▶ TASK DESCRIPTION: Only lines holding "avec" are wanted; copy each of them from the records below.

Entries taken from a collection
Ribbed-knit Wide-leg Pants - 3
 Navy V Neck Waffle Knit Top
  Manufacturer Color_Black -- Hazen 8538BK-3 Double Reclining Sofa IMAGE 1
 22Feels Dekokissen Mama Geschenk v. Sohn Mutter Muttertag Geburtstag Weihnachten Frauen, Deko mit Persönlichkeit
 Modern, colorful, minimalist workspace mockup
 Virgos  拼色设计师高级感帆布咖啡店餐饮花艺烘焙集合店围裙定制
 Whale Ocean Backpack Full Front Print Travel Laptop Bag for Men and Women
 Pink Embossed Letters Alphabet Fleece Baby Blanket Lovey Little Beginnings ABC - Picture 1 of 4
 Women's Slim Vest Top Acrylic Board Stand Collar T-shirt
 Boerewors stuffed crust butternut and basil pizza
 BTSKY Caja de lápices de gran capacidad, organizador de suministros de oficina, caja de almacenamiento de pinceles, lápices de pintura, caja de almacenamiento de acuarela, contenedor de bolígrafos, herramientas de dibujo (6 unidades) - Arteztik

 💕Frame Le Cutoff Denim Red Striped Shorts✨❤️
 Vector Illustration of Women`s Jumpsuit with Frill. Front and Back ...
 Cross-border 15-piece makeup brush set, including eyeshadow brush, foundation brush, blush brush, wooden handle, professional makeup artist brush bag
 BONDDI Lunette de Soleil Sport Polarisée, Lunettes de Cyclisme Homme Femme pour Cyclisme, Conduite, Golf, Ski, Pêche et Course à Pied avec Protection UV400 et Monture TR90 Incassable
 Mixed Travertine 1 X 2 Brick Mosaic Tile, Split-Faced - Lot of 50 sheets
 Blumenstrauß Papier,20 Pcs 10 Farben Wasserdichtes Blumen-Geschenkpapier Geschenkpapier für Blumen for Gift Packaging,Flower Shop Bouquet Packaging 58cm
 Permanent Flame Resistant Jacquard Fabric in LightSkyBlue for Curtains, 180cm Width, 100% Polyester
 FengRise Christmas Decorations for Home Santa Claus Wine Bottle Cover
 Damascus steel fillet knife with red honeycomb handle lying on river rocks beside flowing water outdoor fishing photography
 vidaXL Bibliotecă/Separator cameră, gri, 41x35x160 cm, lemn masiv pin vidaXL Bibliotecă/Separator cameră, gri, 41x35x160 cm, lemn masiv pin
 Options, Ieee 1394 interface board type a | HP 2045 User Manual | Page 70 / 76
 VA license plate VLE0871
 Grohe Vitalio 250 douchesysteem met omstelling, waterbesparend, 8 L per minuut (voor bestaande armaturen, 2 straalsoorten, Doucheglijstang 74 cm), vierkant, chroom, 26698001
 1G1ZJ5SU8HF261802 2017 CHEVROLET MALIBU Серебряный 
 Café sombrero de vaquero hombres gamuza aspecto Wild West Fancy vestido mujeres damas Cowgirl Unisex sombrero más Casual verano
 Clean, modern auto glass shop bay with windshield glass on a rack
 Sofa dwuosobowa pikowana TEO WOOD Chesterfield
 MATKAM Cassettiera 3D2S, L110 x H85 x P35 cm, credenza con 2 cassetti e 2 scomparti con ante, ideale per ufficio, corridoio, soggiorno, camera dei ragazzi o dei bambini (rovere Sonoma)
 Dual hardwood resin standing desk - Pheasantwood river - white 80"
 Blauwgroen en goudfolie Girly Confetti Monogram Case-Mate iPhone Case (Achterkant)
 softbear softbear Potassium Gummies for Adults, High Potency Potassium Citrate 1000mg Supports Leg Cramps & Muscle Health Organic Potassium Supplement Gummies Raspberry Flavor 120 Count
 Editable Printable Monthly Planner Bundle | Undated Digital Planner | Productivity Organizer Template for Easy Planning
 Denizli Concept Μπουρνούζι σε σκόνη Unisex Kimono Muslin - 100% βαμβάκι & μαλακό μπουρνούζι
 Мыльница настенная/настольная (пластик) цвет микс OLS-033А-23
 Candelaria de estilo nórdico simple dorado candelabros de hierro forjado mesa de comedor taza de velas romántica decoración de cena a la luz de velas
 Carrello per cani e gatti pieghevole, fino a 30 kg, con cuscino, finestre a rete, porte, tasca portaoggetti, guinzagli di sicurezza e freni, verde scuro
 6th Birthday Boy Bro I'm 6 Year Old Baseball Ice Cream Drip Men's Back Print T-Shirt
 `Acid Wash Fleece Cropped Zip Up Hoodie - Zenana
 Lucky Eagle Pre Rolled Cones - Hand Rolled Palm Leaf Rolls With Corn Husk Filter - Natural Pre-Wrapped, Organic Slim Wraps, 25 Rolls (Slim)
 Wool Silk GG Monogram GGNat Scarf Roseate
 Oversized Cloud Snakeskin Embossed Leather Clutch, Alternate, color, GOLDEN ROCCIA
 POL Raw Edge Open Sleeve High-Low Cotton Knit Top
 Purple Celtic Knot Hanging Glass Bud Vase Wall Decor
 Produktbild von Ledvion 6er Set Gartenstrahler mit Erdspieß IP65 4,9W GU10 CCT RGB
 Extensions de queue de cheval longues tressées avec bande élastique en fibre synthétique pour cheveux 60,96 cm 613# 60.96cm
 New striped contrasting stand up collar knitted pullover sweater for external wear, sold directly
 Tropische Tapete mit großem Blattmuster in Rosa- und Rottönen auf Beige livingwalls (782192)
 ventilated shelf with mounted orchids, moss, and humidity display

▶ ANSWER TO THE PROBLEM:
 BONDDI Lunette de Soleil Sport Polarisée, Lunettes de Cyclisme Homme Femme pour Cyclisme, Conduite, Golf, Ski, Pêche et Course à Pied avec Protection UV400 et Monture TR90 Incassable
 Extensions de queue de cheval longues tressées avec bande élastique en fibre synthétique pour cheveux 60,96 cm 613# 60.96cm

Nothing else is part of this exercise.